A ex-“BBB” Flávia Viana chorou e se desculpou nesta quarta (31/3), após a imprensa revelar que ela recebeu dinheiro do governo de Jair Bolsonaro para divulgar uma campanha dúbia do Ministério da Saúde. “Eu não acredito em tratamento precoce dessa doença tão louca que está espalhada por aí”, declarou a ex-sister em desabafo postado nos stories do Instagram.
Ela recebeu R$ 11,5 mil para estimular o “atendimento precoce” em janeiro, enquanto Manaus vivia o auge do colapso na rede hospitalar.
“Em janeiro, a minha equipe foi procurada para a gente fazer um trabalho de divulgação dos cuidados que a gente teria que ter com a covid-19, e os trabalhos incluíam máscara e álcool gel, tudo que a gente tem falado desde o começo dessa pandemia. A minha intenção ao fazer esse trabalho foi única e exclusivamente ajudar”, ela explicou.
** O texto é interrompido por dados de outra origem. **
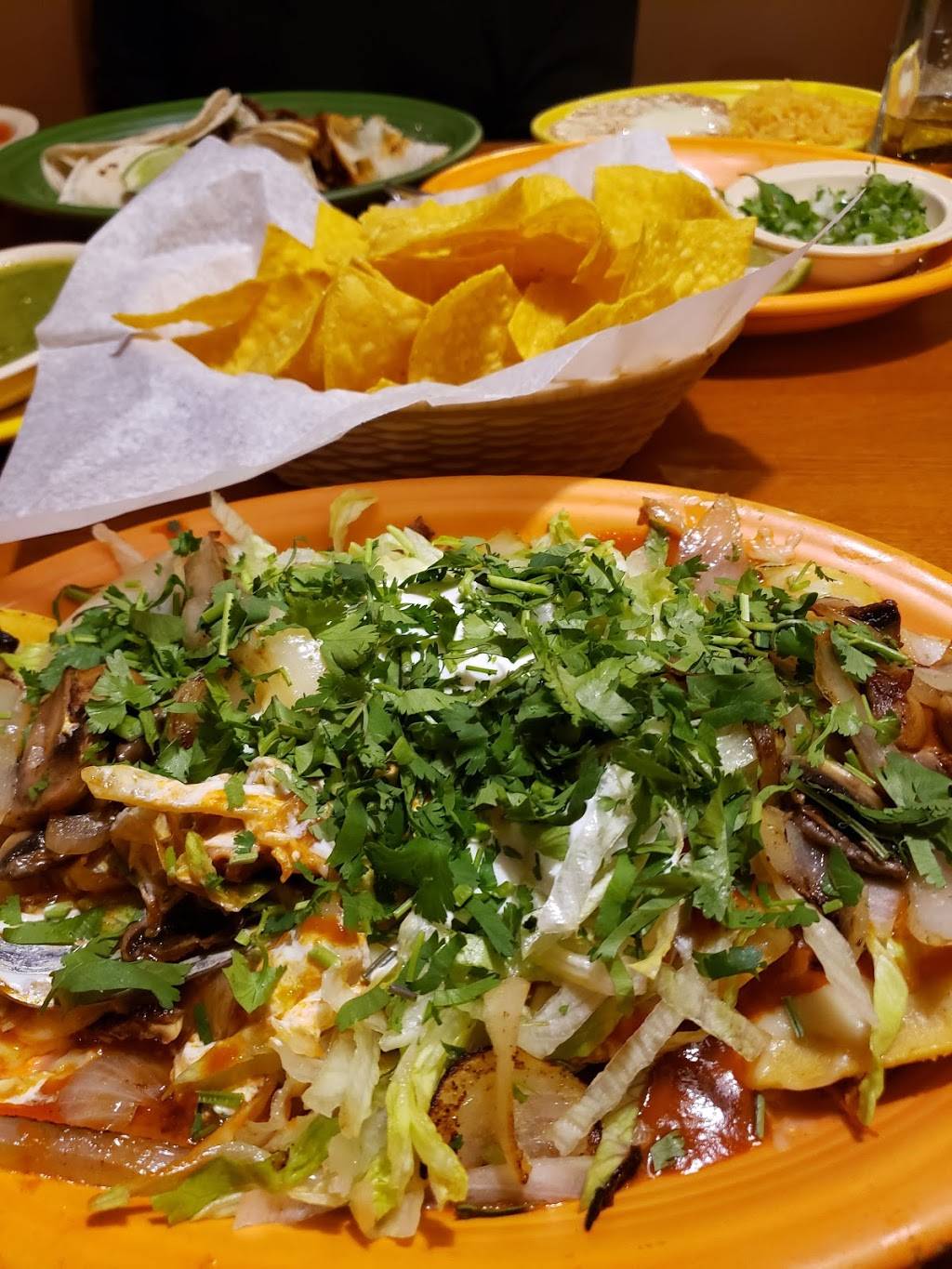 La Cocina Mexican Restaurant Roxboro #4 | restaurant | 241 S Madison Blvd, Roxboro, NC 27573, USA | 3363300300 OR +1 336-330-0300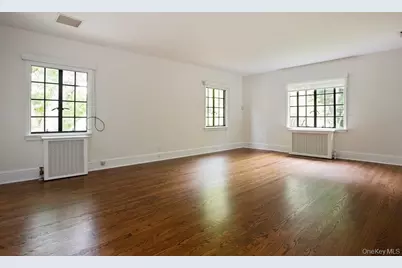 11 Eton Road, Scarsdale, NY 10583 - Photo 9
Mas o trabalho também incluía enfatizar o “atendimento precoce”, que lotaria ainda mais hospitais e postos de atendimento em momento de colapso, além de fazer confusão com o “tratamento precoce” divulgado por Bolsonaro.
Em sua defesa, a participante da sétima edição do “BBB” fez questão de dizer que tem nojo do governo do Brasil. “Não me meto com político, acho que o que os governantes fazem com a gente é fazer todo mundo de palhaço, eu tenho nojo de falar de quem governa do nosso país”.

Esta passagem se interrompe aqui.